▸ **Task details**
The following data is to be repeated exactly, its pictures excluded.

▸ **Provided data**
§

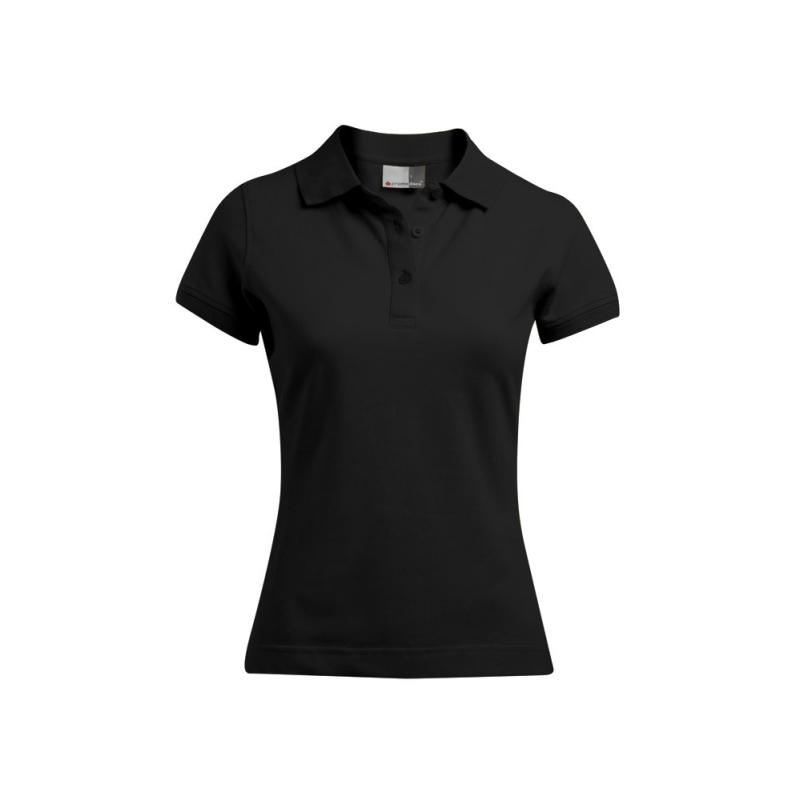 Women's Polo 92/8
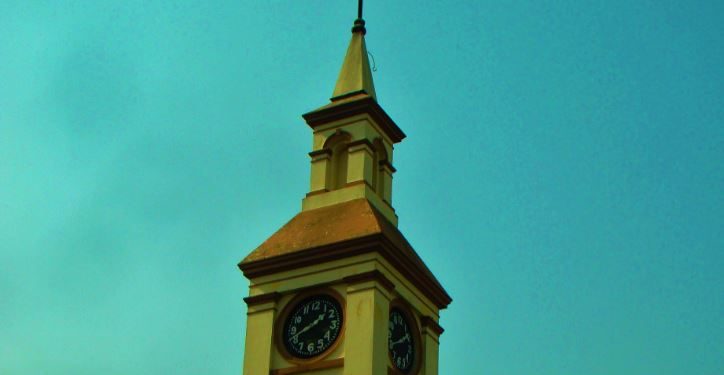 Daily News Reel - Church of Our Lady of Dolours Feature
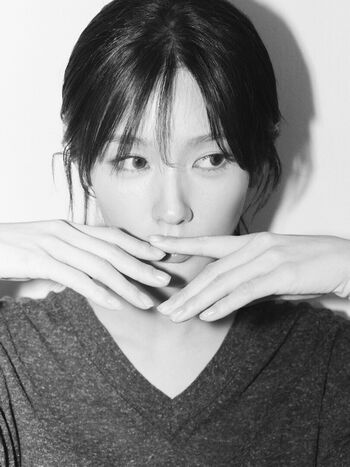 Cho Mi-yeon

§

▸ **Exercise result**
 Women's Polo 92/8
 Daily News Reel - Church of Our Lady of Dolours Feature
 Cho Mi-yeon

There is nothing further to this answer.